Yarım Asırdır Diyarbekir’deyim!
Kadim bir şehirdir Diyarbekir. Acı ve sevinçleri de kendisi kadar kadim; muhabbetlerine doyum olmayan hasbi ve mert insanların şehri.
Meziyetleri saymakla bitmez bu şehrin. Minarelerden veya mabetlerden yükselen sesler, kentin kimliği kısılan seslerse trajik kaderidir.
Şehir surlarla çevrilidir. Bu hal belki onun en cesim trajedisidir. Ahali nefes almak için surdan gedikler açmış. Allah’tan her küçe (sokak) başında veya sonunda inşa edilen mabetler ahalinin imdadına ulaşmış.

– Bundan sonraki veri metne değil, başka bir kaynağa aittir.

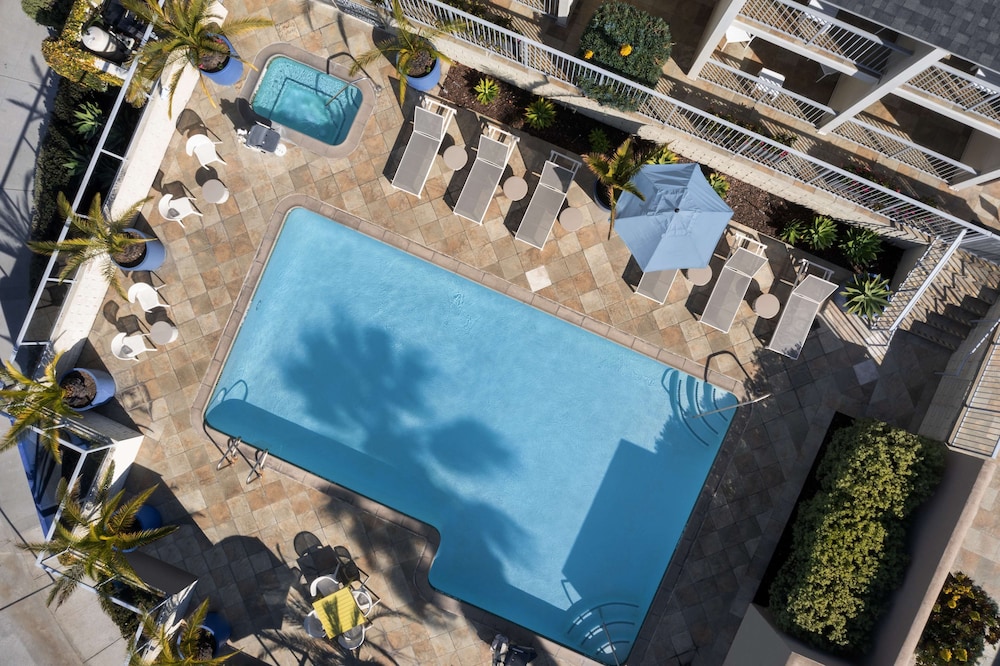 Hilton Garden Inn Marina Del Rey - photo 28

Zannımca Diyarbekir’in büyük çıkmaz sokağı surlardır. Surlar içindeki her sokak ayrı bir çıkmaz sokaktır. Bundandır ki din farkı gözetmeden şehrin ya küçe başlarında ya da çıkmaz sonlarında hep mabetler inşa edilmiş. Şehre yüksek bir menzilden baktığınızda en evvel dikkatinizi mabetler çeker.
Yıllar önceydi. İlk defa gidiyordum Diyarbekir’e. Anlatılarda ve zihnimde oluşan o kadim şehir surlarla etrafı çevrili bir esir şehir gibiydi. İnsanları da esir şehrin insanları. Bahsedilen semtler bir yerleşim yerinden ziyade o kadim kentin dış peyzajını tamamlayan dış unsurları gibi idrakime kazınmıştı. Ofis, Bağlar ve Huzurevleri, surdan uzak lakin Allah’a yakın birer asude semtler gibiydi.
Kadim nurlu Âmid şehrine sadece içindekiler değer katmıyordu. Korkarak buraya gelen ve ağlayarak buradan gidenler de şehrin kadim değerleri arasında yerini alıyordu. Maatteessüf şehre gelenlerin çoğu gidiyor azı kalıyordu. Bu kalan azlar içinde öyleleri vardı ki giden çoklara bedel birer değerdiler şehr-i nur için. Biriyle tanışma şerefine nail oldum. Diyarbekir sevdasını kendisi anlatsın.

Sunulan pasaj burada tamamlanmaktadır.